Die Nato funktioniert nach dem Musketier-Schwur: einer für alle, alle für einen. Wobei das "einer für alle" wichtiger ist, denn dieser eine ist Amerika. Die Beistandspflicht in Artikel 5 des Nato-Vertrags ist vor allem eine Selbstverpflichtung der USA, die europäischen Verbündeten im Falle eines militärischen Angriffs zu verteidigen.
Wenn der republikanische Präsidentschaftskandidat Donald Trump diese Beistandspflicht nun an Bedingungen koppelt, wenn er zunächst prüfen will, ob ein angegriffenes Nato-Mitglied auch schön brav war, dann stellt er den Daseinszweck der Nato infrage. Aus der Pflicht zum Beistand macht er ein politisches Gegengeschäft. Welche "Verpflichtungen" gegenüber den USA soll denn ein Kleinstaat wie Lettland erfüllt haben, bevor Trump ihn für würdig befindet, etwa gegen einen russischen Angriff verteidigt zu werden?
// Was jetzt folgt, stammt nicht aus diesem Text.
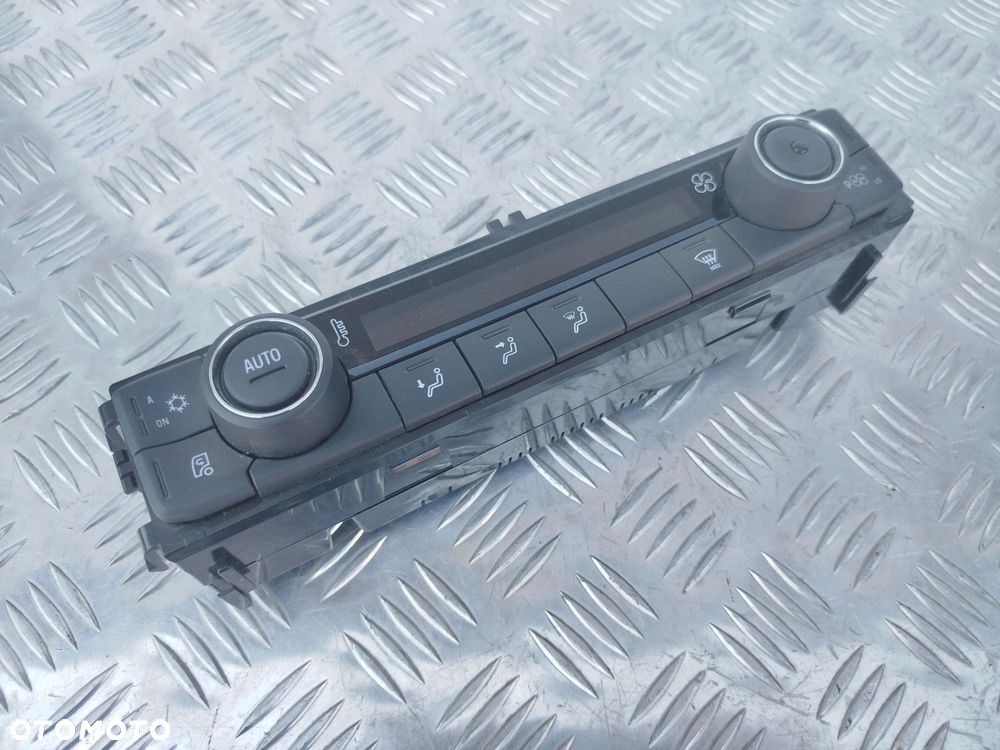 PANEL OGRZEWANIA KLIMATYZACJI SCANIA NTG - 2
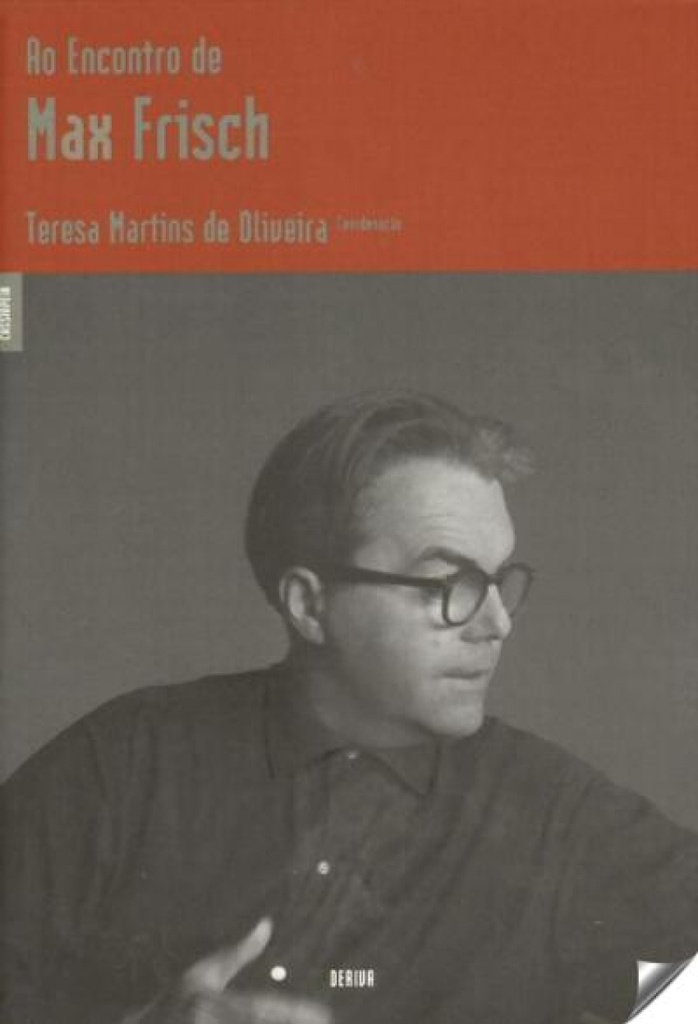 [9789729250910] Ao Encontro de Max Frisch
Trump wirft mit einem einzigen Satz sechs Jahrzehnte amerikanischer Bündnispolitik aus dem Fenster. Die Beistandspflicht ist das Herz der Nato, Trump stößt sie ab wie ein unrentables Grundstück. Er lädt damit Russland geradezu ein, den Radius seiner Aggressionen auch auf Nato-Staaten zu erweitern. Das ist so dumm wie gefährlich. Denn profitieren wird davon nicht Amerika, sondern Russland. Die Demontage der Nato - was dem russischen Präsidenten Wladimir Putin nicht gelungen ist, erledigt vielleicht demnächst sein amerikanischer Kollege.